Aquello no acabó bien. La embarazada pretendida se negó a legalizar su situación y yo perdí la relación con ambos cuando él fue desterrado a África, vestido de caqui, y yo me libré por partida doble –por inútil y por excedente de cupo– de regalarle un par de años a la Patria.


Algo así ocurre en ‘Desposesión’, con la diferencia de que Elio podría ser perfectamente el padre de Anabel y de que ella no da su brazo a torcer en la relación que echa al traste las ilusiones de ese hombre entregado que, según el momento, ejerce de enamorado, de padre, de tío, de asistente social, de chófer, de cheque en blanco e incluso de espíritu santo.


Nada tiene que ver este incauto bonachón con el diabólico Dáimôn de su novela anterior. Si acaso, se parece más al jovenzuelo veraneante que protagonizaba ‘Sacrificio’, y como él recibe los bofetones que propina la cruel realidad contra la que ni siquiera los argumentos literarios pueden luchar. Y más si quien sigue empachado de amor es capaz de aceptar todas las plagas que se le vengan encima con una complacencia propia de los seguidores de la doctrina estoica.


Crear una novela de la entidad de ‘Como un perro en la tumba de un cruzado’ no está al alcance de cualquiera. Escribir ‘Desposesión’, tampoco. Alberto R. Torices vuelve a bucear en los fondos abisales de la naturaleza humana, de su mentalidad y sus comportamientos, y utiliza como bombona de oxígeno y escafandra ese lenguaje denso que en sus manos adquiere una cualidad de precisión calculada, de descripción impecable, de detalle pulido al extremo.
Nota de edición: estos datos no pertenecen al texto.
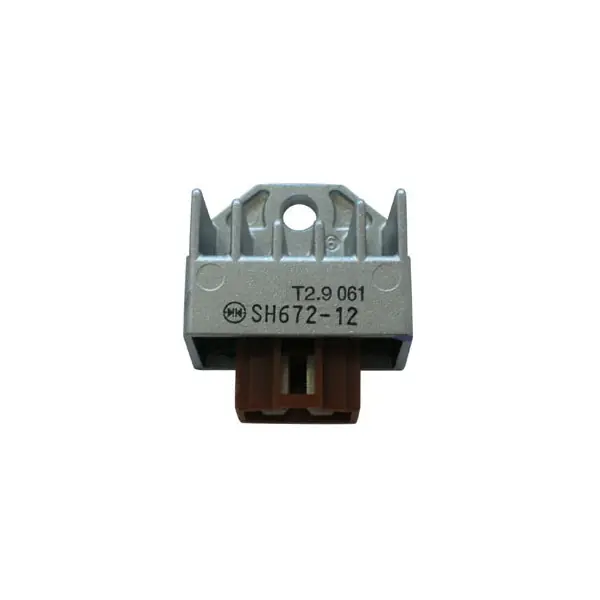 Occasione Imperdibile Aprilia sr ditech 50 regolatore sgr 2000 2004 ap8224296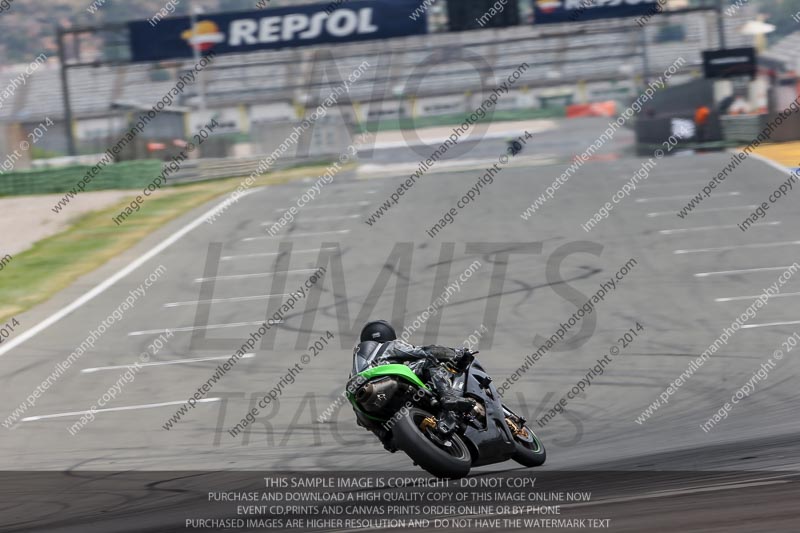 may 2015;motorbikes;no limits;peter wileman photography;spain;trackday digital images;valencia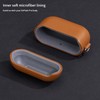 Haobobro [Nappa Series] AirPods Pro 2nd Generation Case 2022 -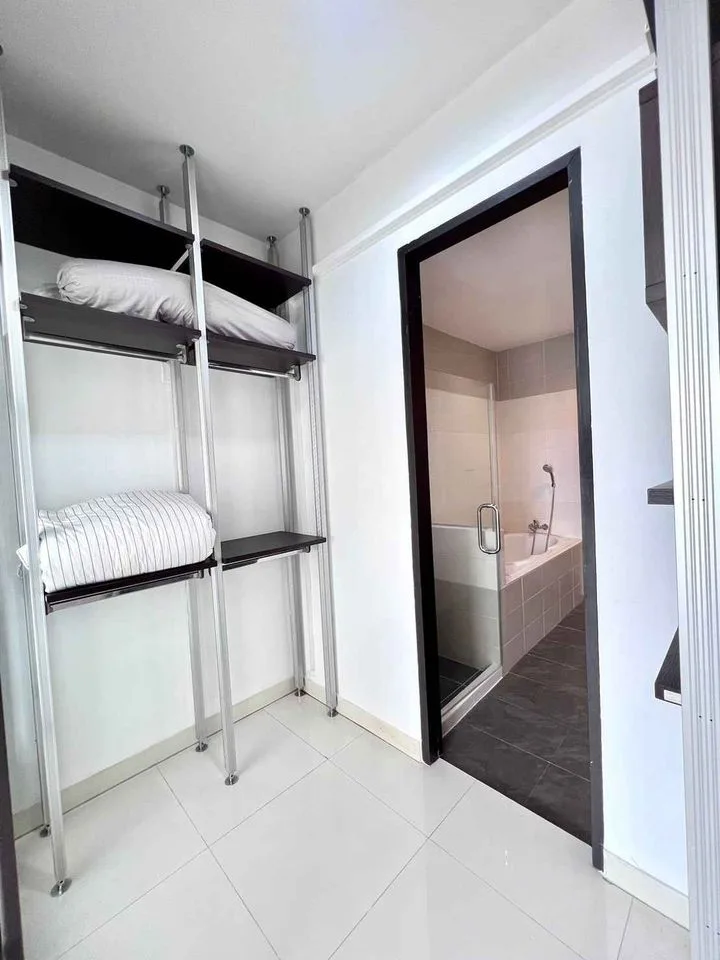 Property photos for Citi Smart Sukhumvit 18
Una de las últimas veces que charlé con Alberto en la plaza de las Palomas, compartiendo unas cervezas y con Avelino Fierro de testigo, me confesó que él huía de localizaciones y de etiquetas. Y tenía razón, Alberto R. Torices no es un gran narrador circunscrito al ámbito leonés. Aunque siga viviendo en un pueblo de cuyo nombre no me voy a acordar, a golpe de una obra cada vez más compacta, convincente y seductora se ha convertido en uno de los grandes nombres de la literatura contemporánea. Por más que algunas de sus historias broten de ese sinsentido derrotista que con frecuencia es el amor.